OK, no surprises there – it would be a bit naive to expect oil companies to accept any moral responsibility. (And as Werewolf reported, the longer Anadarko can string out the legal delays, more complainants die and drop off the compensation register.) Moral issues aside though…wouldn’t you expect that when a company gets hit with a liability that is potentially more than treble the $4 billin that the market had been expecting that this would ripple through the sharemarket and affect the company’s share price ? Isn’t that how a deterrence system is supposed to work ? That if a company screws up and incurs legal penalties, its share price will suffer – and therefore this prospect should work pre-emptively and serve to encourage good safety and environmental standards ? Apparently not. Oh, there were a few brief murmuring s that a weakened Anadarko might become ripe for takeover by Exxon or Chevron.

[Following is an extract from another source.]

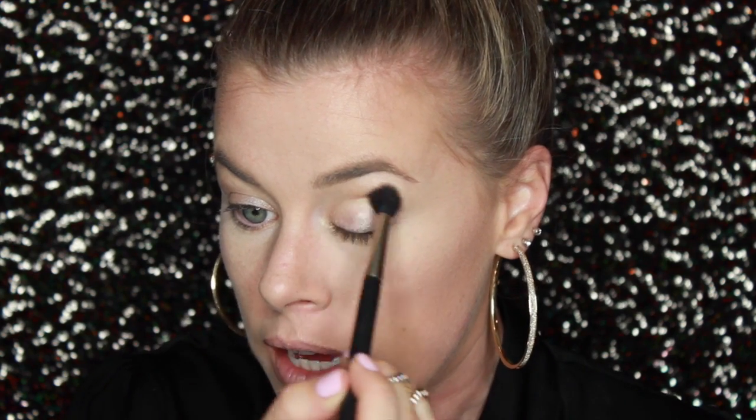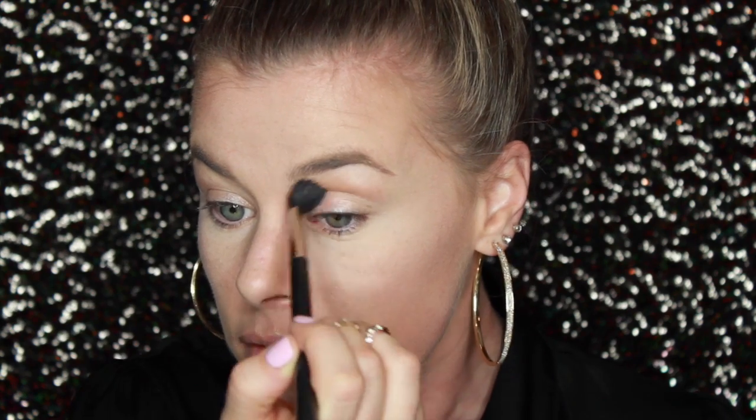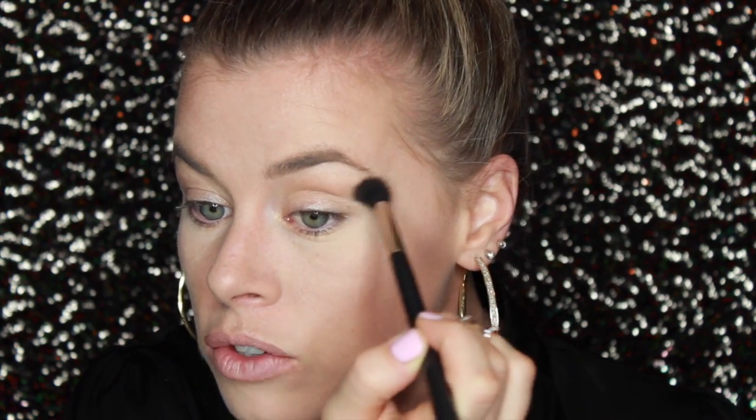Now I'm going into the Sleek palette to define my crease, starting with a kind of orangey transition color that I always use. I love this as a transition shade — it makes the whole look look really blended. I'm popping this into the crease using a MAC 224 fluffy blending brush. You don't have to be too precise with this step because it's just for transition. I really round out the shape of my eye first before dragging the color out towards the tail of my eyebrow — I feel that elongates the shape of the eye.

Since then, it has been fascinating to see the sharemarket analysts and tip sheets rally behind Anadarko. Here’s how Deutsche Bank weighs it up: [Anadarko] likely comes out of Tronox in a more aggressive monetization/value realization mode with the market focused on NAV [Net Asset Value] upside and improving operating trends in 2014.” In plain English, this means that Anadarko can ride this one out, baby.
Another analysis available here also tells shareholders to hang onto those Anadarko shares at the circa $78-80 level where they are now. It outlines the levels of financial penalty the court might apply to Anadarko, and the impact this would have on current shareholders – but argues that the shares will rebound to a level way, way above their current position, based on those net asset values and future prospects mentioned by Deutsche Bank:
Analysts have estimated per-share net asset value of the company to be between $125 to $151. Even if I consider NAV of $125 per share, at its current price the stock is trading about 37% below this level. Once the uncertainty ends over how much penalty the company has to pay, stock price is expected to rise.
Oh, and another thing. Any payments Anadarko may finally have to pay to fix the sites and compensate the people and places that its subsidiary has poisoned, may well be tax deductible:
It is still not clear whether Anadarko can claim a tax deduction on this payment. Some analysts believe it can, but others do not and that the real picture will be out only in future proceedings.
Here’s how it works:
Courts can impose punitive damages against a company when its actions cause harm. The [US] tax code, however, lets companies write off their payment, which produces an after-tax savings worth about 40 percent. Take the case of the Exxon Valdez, a tanker ship that ran aground and released nearly 11 million gallons of oil into Alaska’s Prince William Sound in 1989. Following this spill a court set punitive damages at $5 billion. Exxon litigated the decision for nearly 20 years until 2005 when the Supreme Court slashed the company’s punitive damages to $500 million. Of that, Exxon paid about $300 million after taking its tax deduction for punitive damages. Exxon’s profits that same year totaled $36.1 billion.
Meaning : after 20 years of litigation over the Exxon Valdez spill, people who had formerly relied on fishing to earn their living received the equivalent of one’s year’s salary for the lifelong loss of their livelihoods. Incredibly, even these compensation payments were tax deductible for Exxon. What I’m getting at here is that these companies have no incentive whatsoever to practice good environmental and safety standards, because they are beyond reach of any meaningful legal sanction – or given their resources, any meaningful financial sanction, either. As a result, many communities ( and much of the wildlife) around New Zealand that depends on the maritime environment are entirely at risk from oil exploration and extraction. The Bluff fishing and seafood industries for instance – on which local tourism depends so heavily – would be wiped out by any major spill in the Great South Basin, without any prospect of adequate compensation.
Rather than living in denial and spouting corporate spin about industry standards, perhaps the political and business friends of Anadarko and Shell should just simply ‘fess up – and admit that they are playing Russian roulette with New Zealand communities, our environment. and the tourism industry.